(Image-text web data)
===
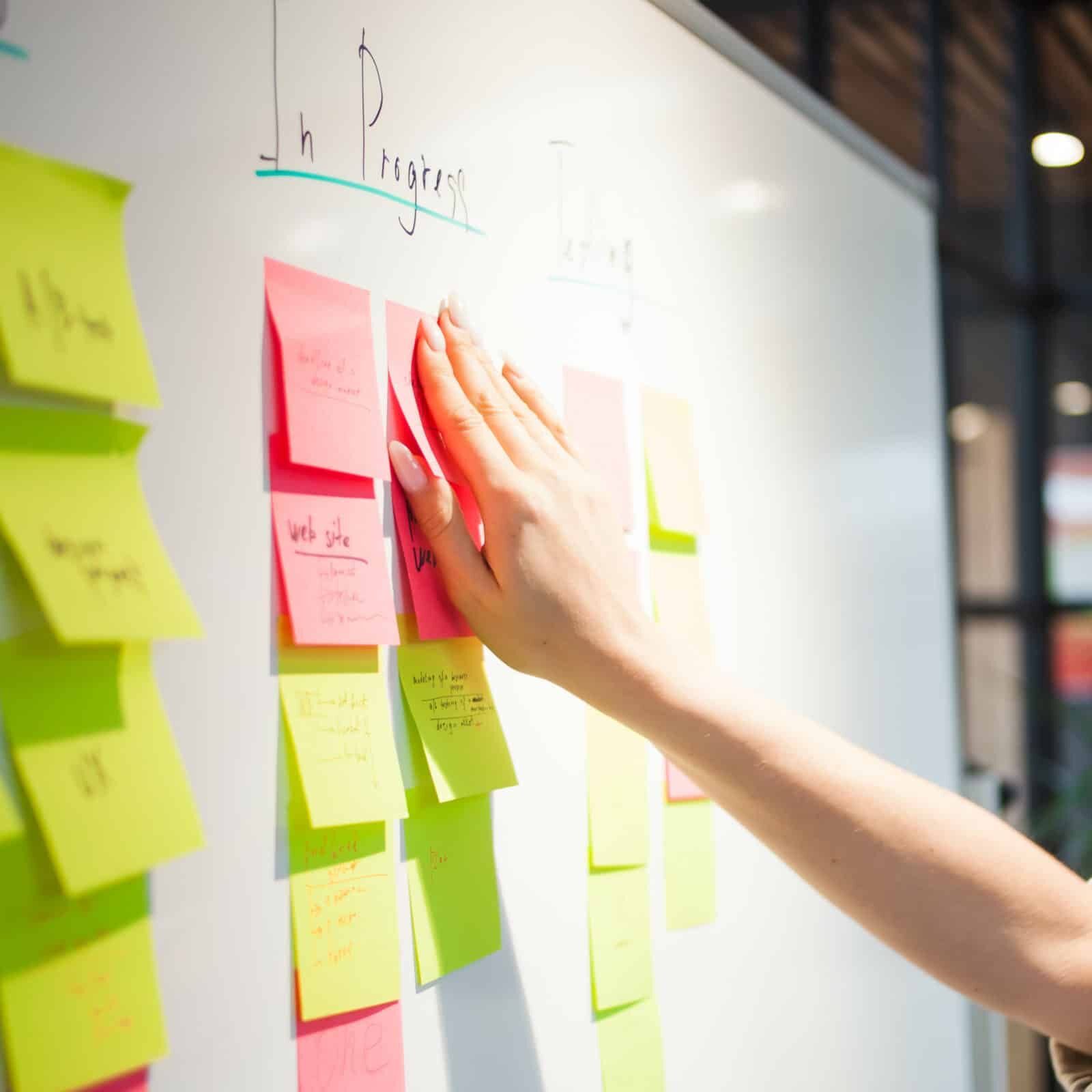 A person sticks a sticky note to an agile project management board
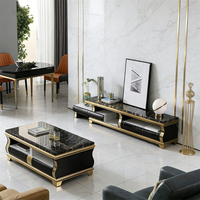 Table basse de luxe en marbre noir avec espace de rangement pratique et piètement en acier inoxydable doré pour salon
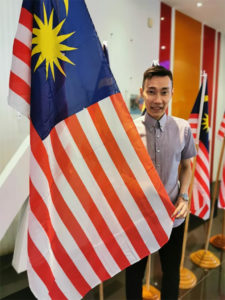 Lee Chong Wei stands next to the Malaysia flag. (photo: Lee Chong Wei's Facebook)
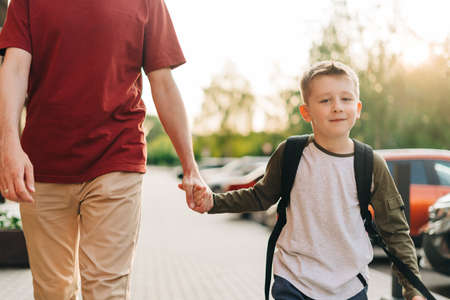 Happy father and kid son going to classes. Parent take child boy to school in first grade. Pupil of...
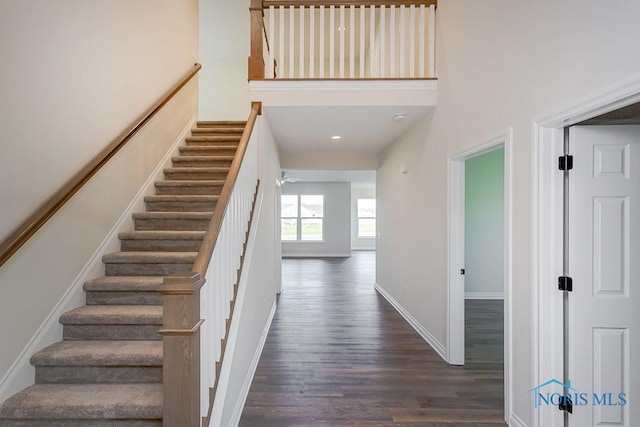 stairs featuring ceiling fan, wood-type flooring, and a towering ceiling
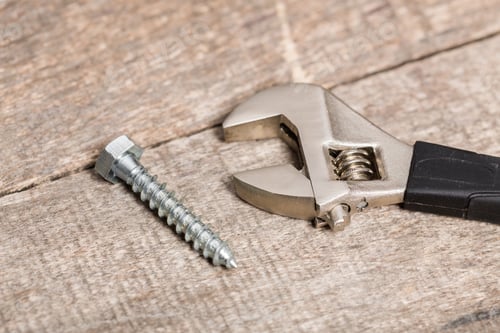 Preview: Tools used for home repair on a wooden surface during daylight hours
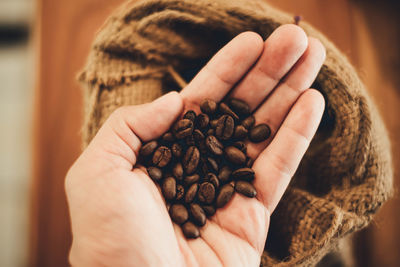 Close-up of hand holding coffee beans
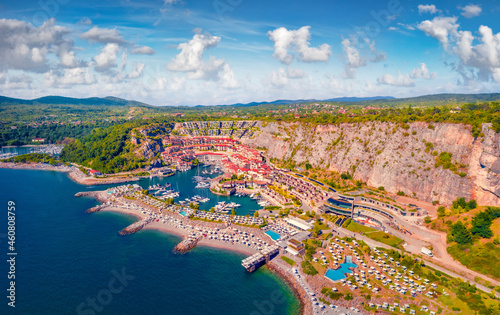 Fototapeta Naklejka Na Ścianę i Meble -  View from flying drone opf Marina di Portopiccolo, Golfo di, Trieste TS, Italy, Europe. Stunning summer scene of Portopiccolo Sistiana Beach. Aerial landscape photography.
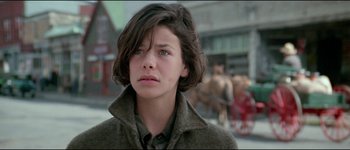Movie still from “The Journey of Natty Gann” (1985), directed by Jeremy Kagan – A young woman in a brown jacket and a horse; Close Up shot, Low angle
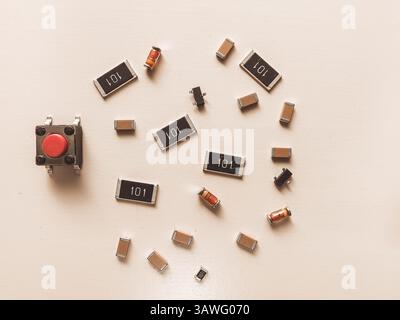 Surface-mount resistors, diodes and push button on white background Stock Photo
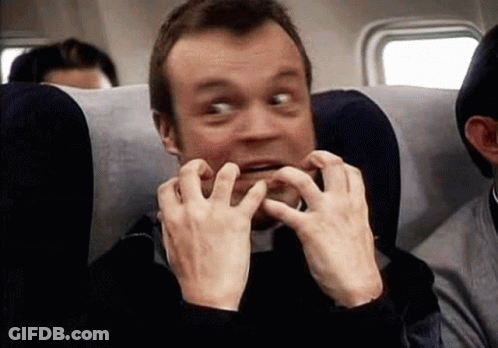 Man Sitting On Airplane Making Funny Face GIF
===
§ **ABOUT THIS TASK**
Your answer must be an exact copy of the lines above, from the line that contains "stairs featuring ceiling" through the final line, with no pictures in it.

§ **ANSWER**
 stairs featuring ceiling fan, wood-type flooring, and a towering ceiling
 Preview: Tools used for home repair on a wooden surface during daylight hours
 Close-up of hand holding coffee beans
 Fototapeta Naklejka Na Ścianę i Meble -  View from flying drone opf Marina di Portopiccolo, Golfo di, Trieste TS, Italy, Europe. Stunning summer scene of Portopiccolo Sistiana Beach. Aerial landscape photography.
Movie still from “The Journey of Natty Gann” (1985), directed by Jeremy Kagan – A young woman in a brown jacket and a horse; Close Up shot, Low angle
 Surface-mount resistors, diodes and push button on white background Stock Photo
 Man Sitting On Airplane Making Funny Face GIF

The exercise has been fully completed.